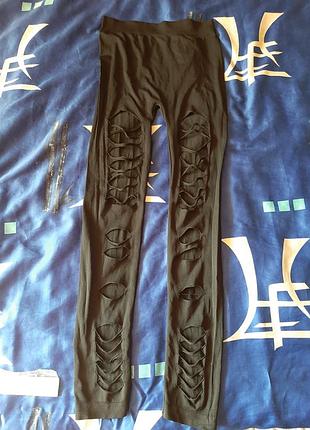 Рваные лосины не ношеные но уже без бирки.ш30. распродажа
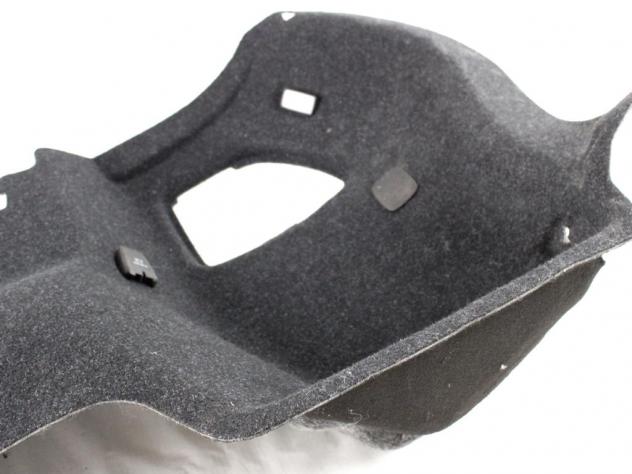 32310614 RIVESTIMENTO POSTERIORE INTERNO BABAGLIAIO LATO DESTRO VOLVO XC40 1.5 B 95KW 5P AUT (2022) RICAMBIO USATO - Foto 2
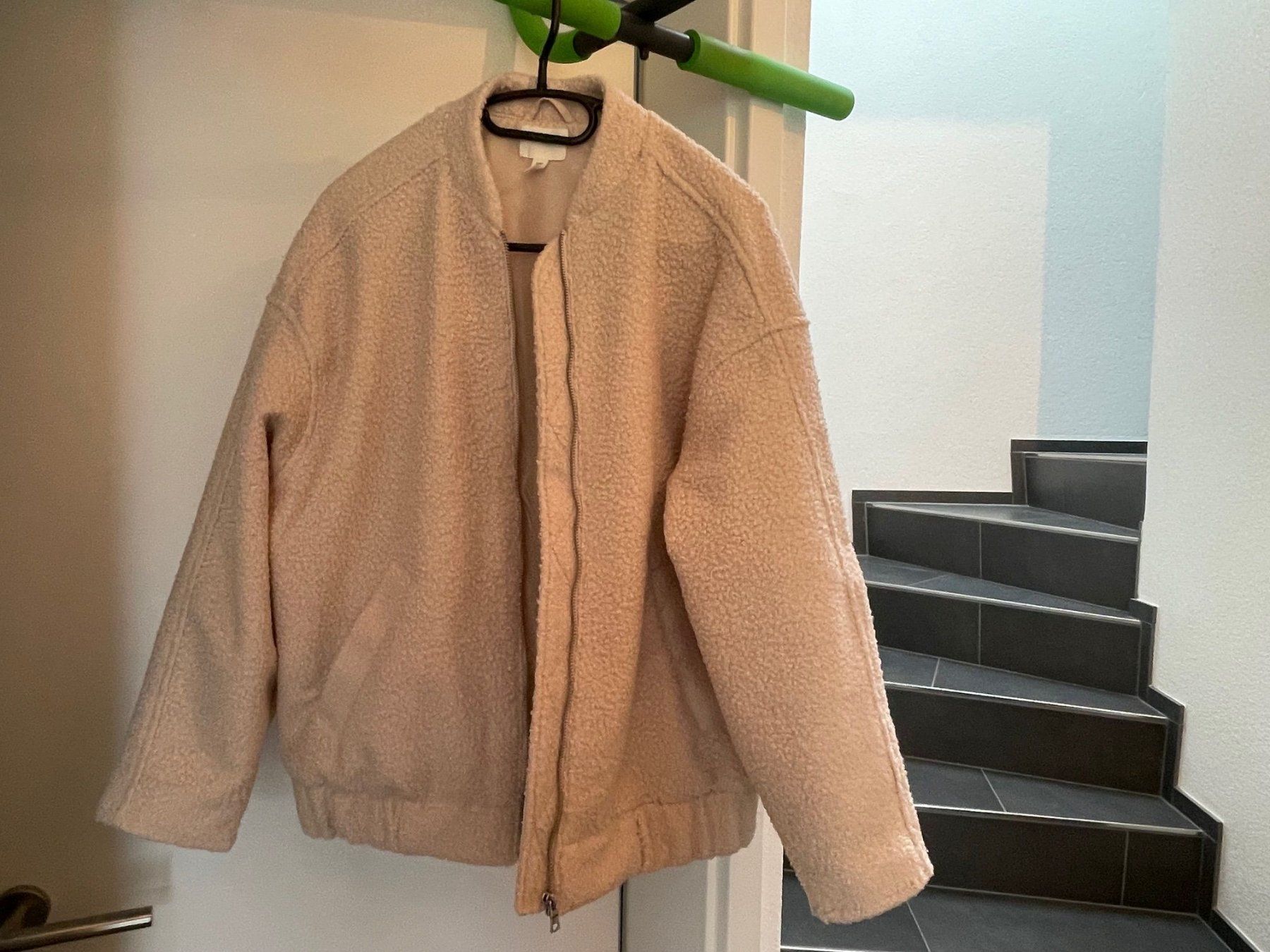 H&M Giacche: Neue Damen Jacke, beige, Grösse S – Usato da Niederweningen venduto da sho_mb8y 1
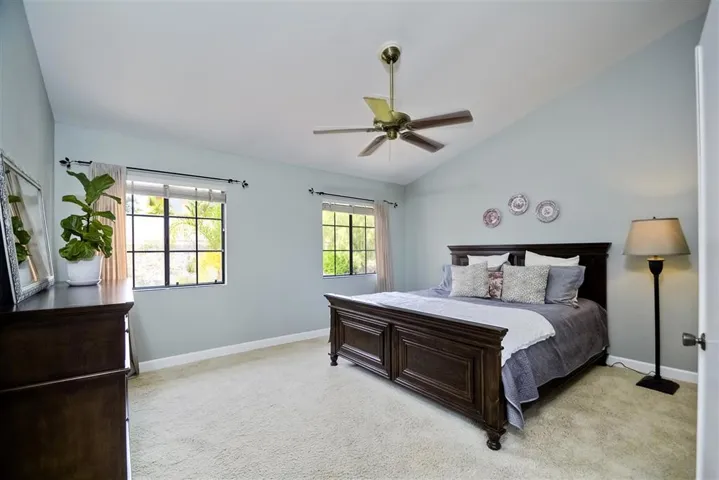 2439 Summerhill Drive, Encinitas, California 92024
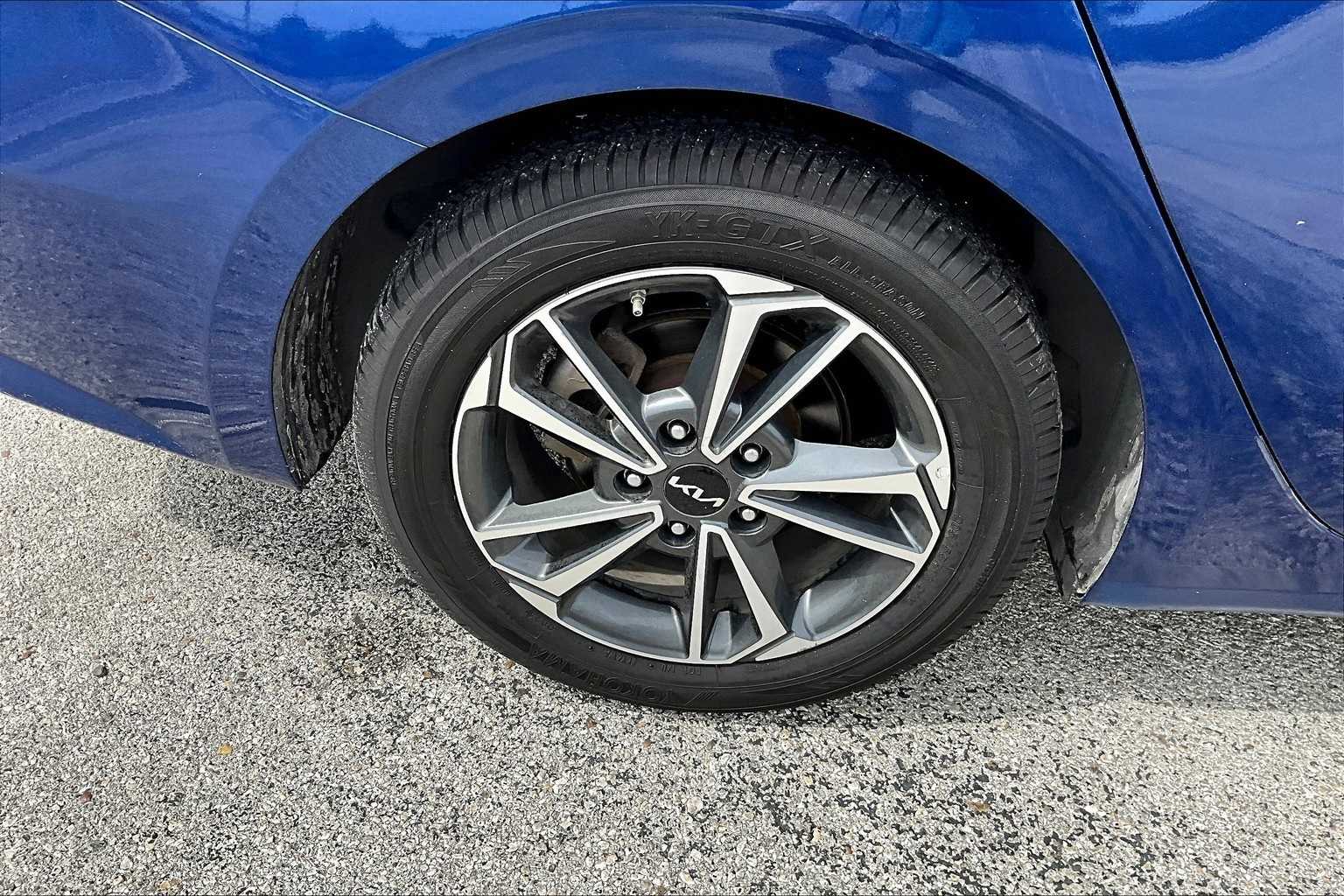 Thumbnail: 2022 Kia Forte - 35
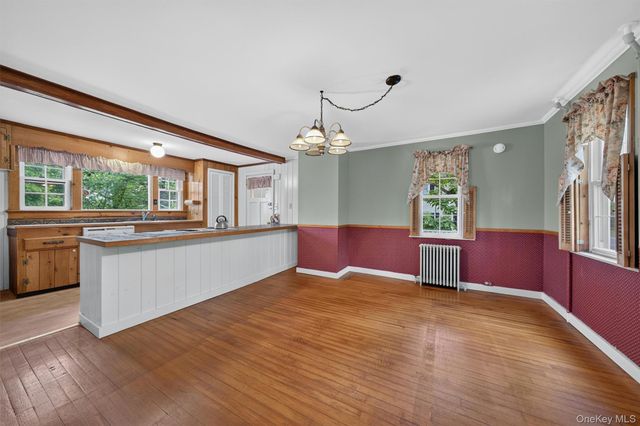 41 Elting Avenue, New Paltz, NY 12561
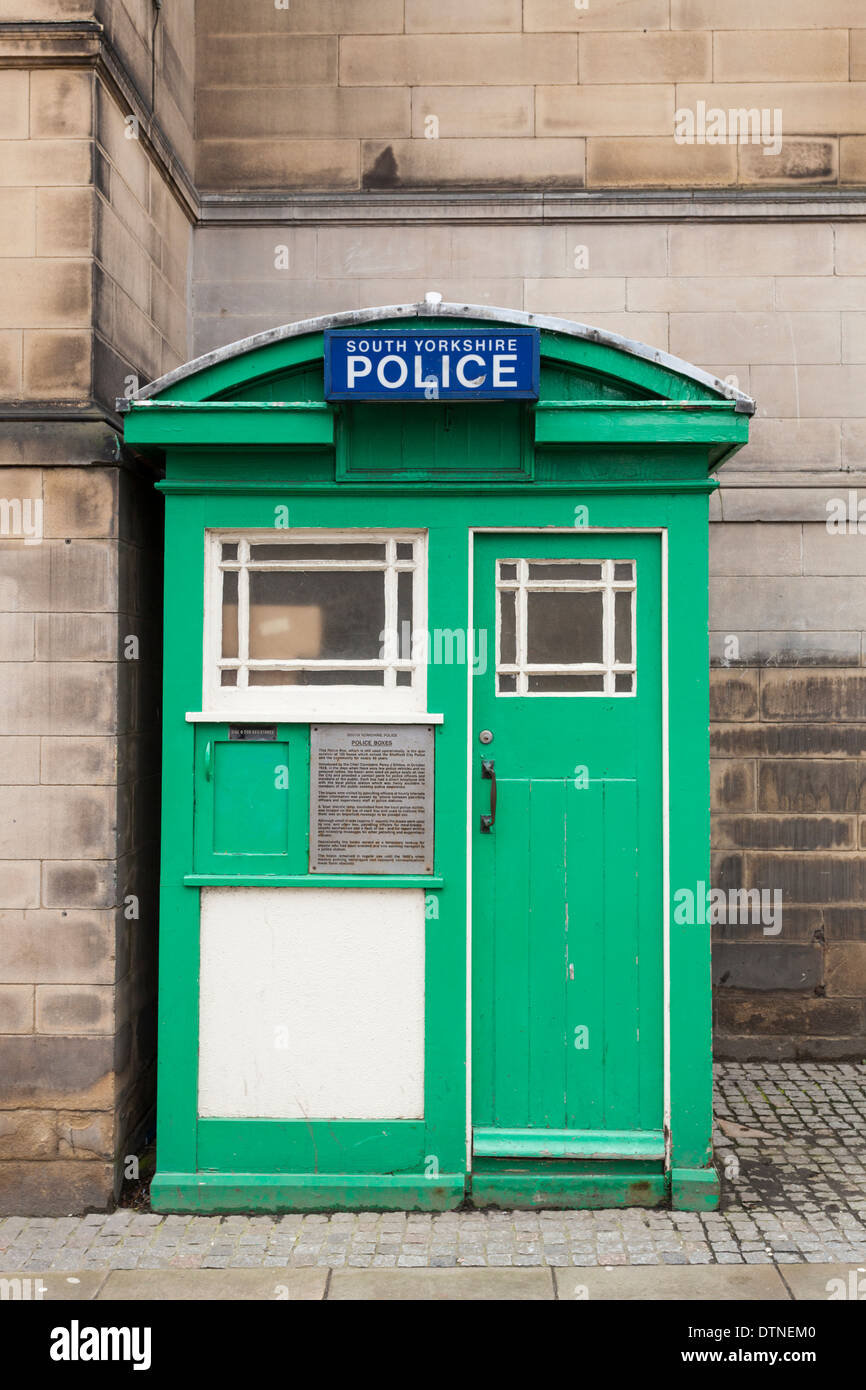 La 2e année dans la liste Police verte Phone Box à Sheffield, Angleterre, Royaume-Uni Banque D'Images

ASSIGNMENT —
Write out the entries again, word for word. No images.

SOLUTION FOR THIS EXERCISE —
 Рваные лосины не ношеные но уже без бирки.ш30. распродажа
 32310614 RIVESTIMENTO POSTERIORE INTERNO BABAGLIAIO LATO DESTRO VOLVO XC40 1.5 B 95KW 5P AUT (2022) RICAMBIO USATO - Foto 2
 H&M Giacche: Neue Damen Jacke, beige, Grösse S – Usato da Niederweningen venduto da sho_mb8y 1
 2439 Summerhill Drive, Encinitas, California 92024
 Thumbnail: 2022 Kia Forte - 35
 41 Elting Avenue, New Paltz, NY 12561
 La 2e année dans la liste Police verte Phone Box à Sheffield, Angleterre, Royaume-Uni Banque D'Images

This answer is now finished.